Achieve a more professional sounding mix with these five reverb mixing tips. Learn how to use reverb to create space and add depth to your music.

Reverb Mixing Tips

Mixing with Reverb

Reverb is an essential part of every mix, and one of the most widely used time-based effects for good reasons. Creating space and depth is vital when you’re mixing music. Treating your music with reverb is also necessary to create the impression of distance and separation between elements. Not to mention, it excels at simply making elements in a mix sound better!

Professional mixes create the illusion of three dimensions: width, depth, and height. Reverb and other effects like delay, chorus, and equalization are often used to achieve a sense of depth. For example, the more reverb an element has, the further back in the mix it will fall. Conversely, dry elements are perceived to sit more forward in the mix.

Reverb is also one of the most versatile effects used in mixing because it’s applicable as both a utility and a creative tool. Most importantly, reverb provides that integral sense of natural space, silkiness, and intrigue that glues your mixes together and immerses listeners.


The following reverb mixing tips offer a few methods used to achieve a more polished mix with this coveted effect.

Reverb Mixing Tips

Create a Cohesive Space

Applying subtle amounts of reverb to a group of instruments or the entire mix will help give your tracks some cohesion. Sending multiple tracks through a reverb bus also puts them in the same space, which will sound more natural. This technique is often used on a drum bus to glue all the elements together in addition to creating a sense of depth.

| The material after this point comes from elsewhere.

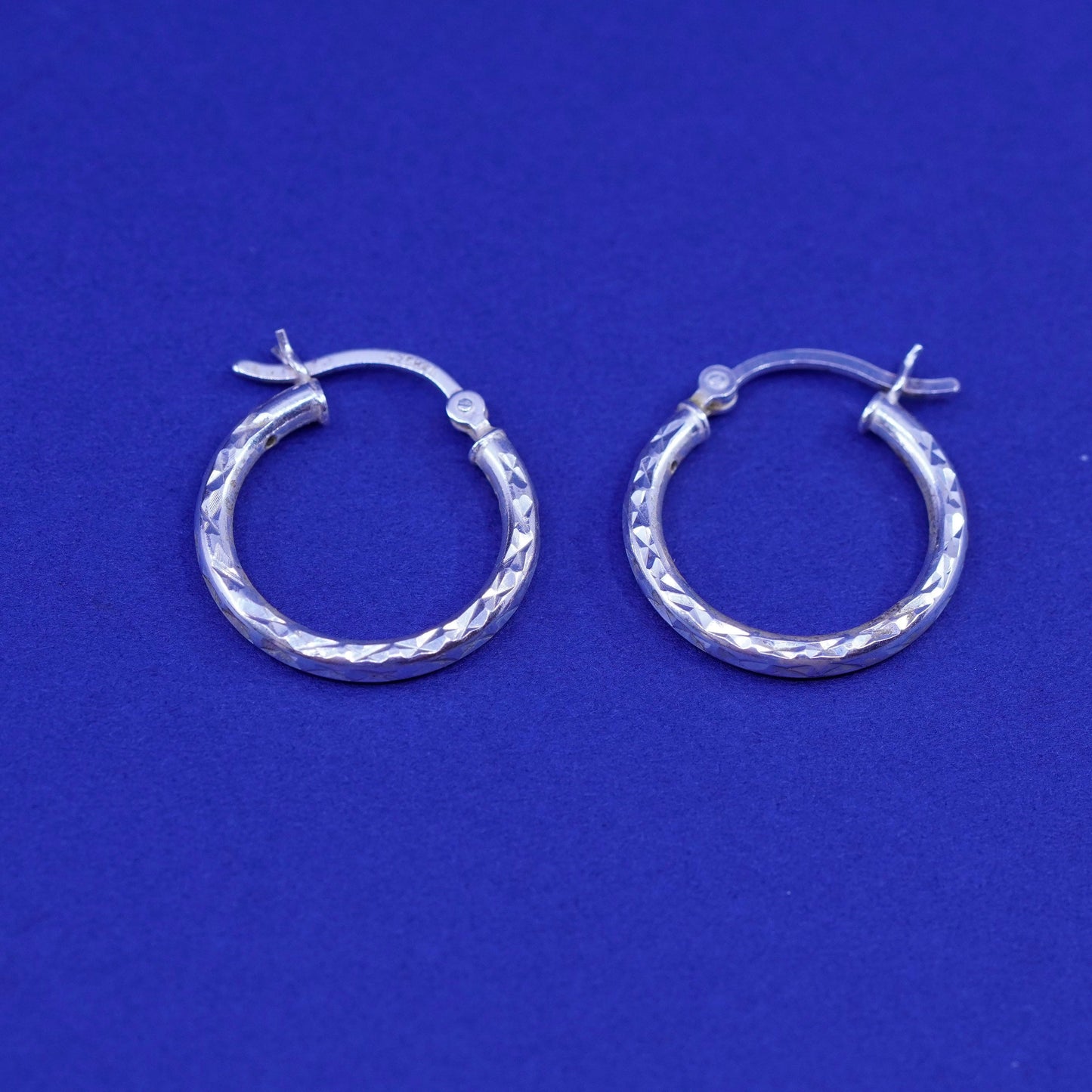 0.75”, vintage Sterling silver handmade earrings, textured 925 hoops, huggie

The best way to achieve this technique is to set up an auxiliary bus with a reverb that has a short tail and even some pre-delay to let the transients through unaffected. Furthermore, auxiliary buses allow you to send multiple tracks to a single reverb which also cuts down the CPU load.

In addition, try using different reverbs for various groups to create even more dimension.

Enhancing Transients and Harmonics

Another great thing about auxiliary buses is that you can add various other effects to enhance the reverb treatment. For example, loading a transient designer before the reverb and adjusting the attack will tighten up the effect. This technique works great for making drums and other transient rich elements sound punchier.

Applying subtle amounts of saturation or distortion before the reverb is another method that adds excitement. This technique enhances harmonics and adds a gritty vibe to the reverb tail that fattens the sound more. Also, pitch shifting the signal up 12 semitones before the reverb will intensify the harmonics and presence of any sound running through it.

De-Essing Reverb

De-essers are often deployed to treat vocals and tame those sibilant “s” sounds. However, de-essers also work great for rounding off harsh high frequencies on individual elements or even entire mixes. Likewise, loading a de-esser before the reverb is a nice technique that helps smooth out any excessive sibilance that may sound unpleasant.

Panning Reverbs

Reverb is the ideal method for creating space and adding depth. Also, most reverb plugins operate in stereo. However, there are some fun tricks out there that use reverb in mono.

This reverb mixing tip explains how to enhance the stereo width of instruments or vocals without using stereo widening tools. Accomplish this technique by first creating an auxiliary bus loaded with a mono reverb or a device that will mono the reverb. Next, make the instrument or vocal you wish to treat mono as well. Lastly, send the track through the mono reverb auxiliary bus and then pan the two tracks in opposite directions to create a full sounding stereo effect.

Make the sound even more interesting by loading various other effects to the reverb track. Be sure to cut out any unnecessary low frequencies with an EQ to keep the mix clean.

Mixing Multiple Reverbs

Another method that creates a more dimensional sounding mix is using multiple reverbs together to construct richer spaces. No rule says you can’t use more than one reverb on a sound. In fact, subtle amounts of multiple reverb types will form a more natural sounding space.

For example, employing a plate reverb to add foreground ambiance, and a hall reverb for background ambiance builds a more realistic sense of space.

Furthermore, using different reverb types on individual elements helps to create contrast. For example, vocals and guitars often occupy the same frequency range. Placing the two elements in different spaces helps separate them in the mix.

Bonus Reverb Mixing Tips:

Reverb is a powerful effect and is meant to add a subtle layer of ambiance to your mix. It’s important to remember that a little reverb goes a long way. Too much of it can quickly clutter your mix and cause various issues. When working with reverb, it’s recommended to highpass filter the effect to prevent low-frequency buildup.

Also, try experimenting with various other effects to transform your reverb tails. For example, loading a tremolo or LFO effect after the reverb will add some subtle movement to your mix.